Я даже полюбил свое одиночество, свое горькое, черное одиночество и непрекращающуюся тоску по хлебу и чистой рубашке, я избегал любого недоброго взгляда и шел своей дорогой.
Несколько часов назад я встретил одного из тех, кто служил вместе со мной. Я остановил его. Это был хитрый молодой еврей с двумя стремительно бегающими, желтыми, как у лисы, глазами-горошинами.
Я и сам не знал, зачем я его остановил.
На нем был отутюженный синий костюм и шляпа; он располнел и изменился, и я удивился, что сумел его узнать.
— Борнштейн! — окликнул я его.
Он обернулся и посмотрел на меня как на незнакомого.
— Ты меня узнаешь? — спросил я.
— Нет! — он покачал головой и гордо посмотрел на мое убогое платье.
— Я…
— Ты тот, который служил вместе со мной?
— Да, он самый.
— Чего надо?
Я задумался, что ему ответить. Он был дельцом, полковым торговцем. Я вспомнил, что в армии он торговал всем: хлебом, башмаками, новыми конфедератками, жестяными козырьками, которые не каждый солдат получал за счет полка. У него в ящике всегда имелся целый склад фуражек, солдатских пуговиц, белья, белого хлеба, сыра, колбасы и всякой всячины.

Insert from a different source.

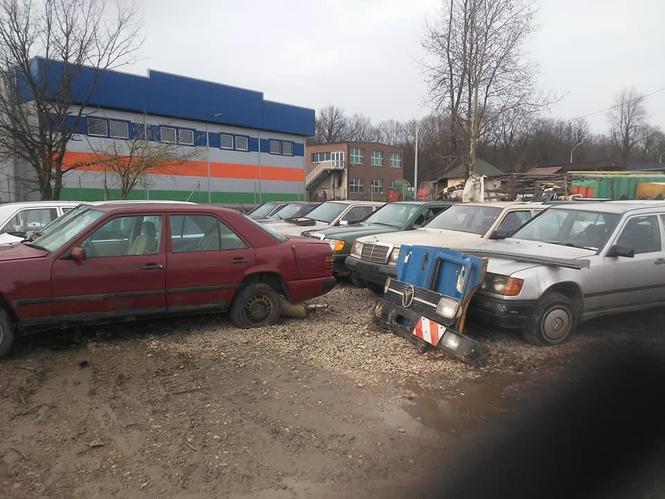 Otkup mercedes vozila 190 d 124 d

На фронте, на самой линии, под вражеским огнем, он торговал.
Если ему запрещали брать на фронт свой узел, свой ящик, он торговал папиросами.
Я не знаю, где он на линии фронта, в окопах, на марше доставал папиросы. Как я ни пытался понять, это осталось для меня загадкой.
Солдаты и даже офицеры, а также сестры Красного Креста часто приходили к нему в окоп попросить папиросу.
Пади он от большевистской пули, о нем можно было бы уверенно сказать: он торговал до последнего вздоха!
Глядя на Борнштейна, к таким видам спорта, как футбол, скачки, плавание, парусные гонки, можно было добавить еще один: торговлю!
Борнштейн любил продавать папиросы в опасные моменты на поле боя, как опытный мореход, который порой рискует пуститься в плаванье во время бури.
— Ну, Борнштейн, как дела? — спросил я его.
— Да никак, — ответил он, помедлив, и отвернулся, порываясь уйти.
— Купишь у меня что-нибудь? — спросил я, сам не зная, что могу ему продать.